Değerli dostlar, bu yıl, 18 Mart Çanakkale Zaferi’nin 107. yıldönümünü kutluyoruz. Bize bu cennet vatanı hediye eden, bu topraklar, bu vatan, bu millet için, hülasa milli ve manevi değerleri, namus ve şerefleri için bir insanın hayattaki en değerli varlığı olan canını hiç düşünmeden, tereddüt etmeden seve seve feda eden tüm şehitlerimizi rahmet, minnet ve şükranla anıyorum. Mekânları cennet, ruhları şad olsun. Kahraman gazilerimizi de saygıyla selamlıyorum.
Çanakkale muharebeleri, I. Dünya Savaşı içinde tayin edici öneme sahiptir. Hem Türk hem de dünya tarihinin akışını değiştirmiş; unutulmaz fedakârlıklara sahne olmuş; büyük insan kayıplarına yol açmıştır. Nusret mayın gemisi ve Mustafa Kemal Paşa’da Çanakkale Savaşları içinde tayin edici role sahiptir. Denizde ve karada savaşın akışını, kaderini değiştirmişlerdir.[1]
Türkiye’de 18 Mart 1915 tarihindeki deniz zaferinin yıldönümüyle sembolleşen Çanakkale muharebeleri, esas olarak 25 Nisan 1915’de Müttefik kuvvetlerinin Gelibolu Yarımadası’nda yaptıkları çıkarmalarla başlar ve 9 Ocak 1916’da aynı kuvvetlerin Türk kıyılarını tamamen terk etmesiyle son bulur.
8.5 ay süren çarpışmalar esas olarak Gelibolu Yarımadası’nın güney ucundaki Seddülbahir-Alçıtepe-Kerevizdere üçgeninde ve yine yarımadanın Kuzey Ege sahillerinde, Kabatepe-Conkbayırı-Anafartalar şeridinde cereyan etmiştir.
Çanakkale Savaşları’nın ilk aşamasını oluşturan 18 Mart Deniz Zaferi’nin, dünya harp tarihine geçmiş bir kahramanlık destanıdır.
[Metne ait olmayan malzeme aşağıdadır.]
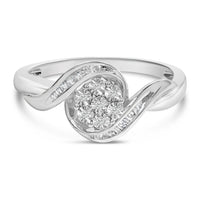 Sterling Silver 1/10 Cttw Diamond Bypass Cluster Ring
Çanakkale Zaferi’nin kazanılmasında en büyük pay, kahraman Nusret Mayın Gemisi’ne aittir. Nusret Mayın Gemisi’nin Erenköy Koyu’nda döşediği 26 mayın, Çanakkale Deniz Savaşı’nın ve tarihin akışını değiştirmiştir. Hafif sisli ve yağışlı 8 Mart sabahı Yüzbaşı Hakkı Bey’in komutasında Nara’dan avara eden Nusret, Anadolu kıyısını izleyerek seyre başlamış ve boğazı kapatan mayın hatları arasından emniyetle geçerek Erenköy’e varmıştır. Yüzbaşı Hakkı Bey’in komuta ettiği Nusret’in katkısıyla kazanılan bu zafer, Türk askerine moral, Türk milletine sevinç kaynağı olmuştur.
Nusrat (Nusret), Çanakkale Deniz Savaşları’nda büyük bir başarı göstermiş olan mayın gemisidir. Cevat Paşa’nın (Çobanlı) emriyle Osmanlı Donanması ve Türk Deniz Kuvvetleri’nde hizmete giren gemi, 1911 yılında Almanya’nın Kiel şehrinde kızağa çekildi ve 1913 yılında Osmanlı Donanması’na katıldı.
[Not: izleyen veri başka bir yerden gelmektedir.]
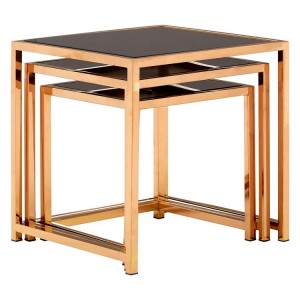 Ackley Set Of 3 God Metal and Black Glass Square Side Tables Ackley Set Of 3 God Metal and Black Glass Square Side Tables 2405441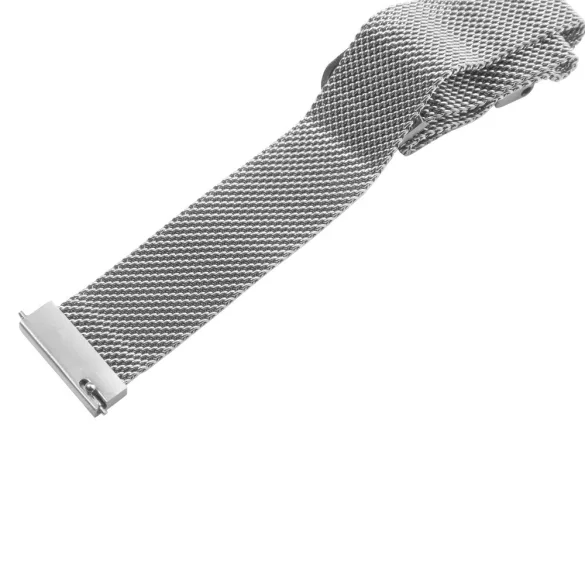 Karóra csat, acél, fonott (mesh) dizájn, gyorskioldós, mágneses zárral, ezüst színű, 18mm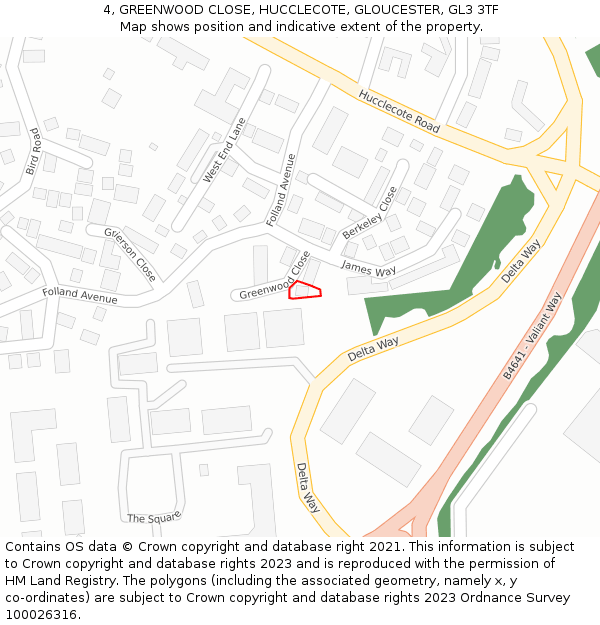4, GREENWOOD CLOSE, HUCCLECOTE, GLOUCESTER, GL3 3TF: Location map and indicative extent of plot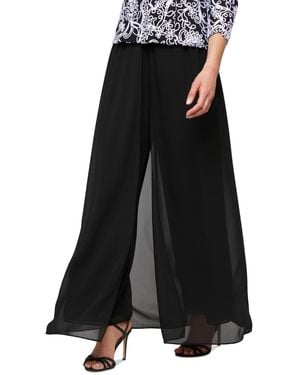 Alex Evenings Chiffon-layered Wide-leg Pants - Black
1915 ilkbaharında uzun süredir Boğaz’ın girişindeki tabyaları bombalayan, keşif uçuşlarıyla ve mayın temizleme gemilerinin faaliyetiyle saldırıya geçeceği kesinleşen Müttefik Donanması artık saldırı için gün sayıyordu. Bunun üzerine Müstahkem Mevkii Komutanlığı Erenköy’deki Karanlık Liman’a mayın dökme kararı aldı.
Nusret Mayın Gemisi 3 Eylül 1914’te Çanakkale’ye gelmişti. Fakat Osmanlı Devleti’nin mali sorunları sebebiyle, boğazı mayınlayabilmek için yeterli miktarda mayın bulunamıyordu. Düşman gemilerinin hareketlerinin sürekli ve dikkatli bir şekilde incelenmesiyle Türk askerleri mükemmel bir analiz yaptı.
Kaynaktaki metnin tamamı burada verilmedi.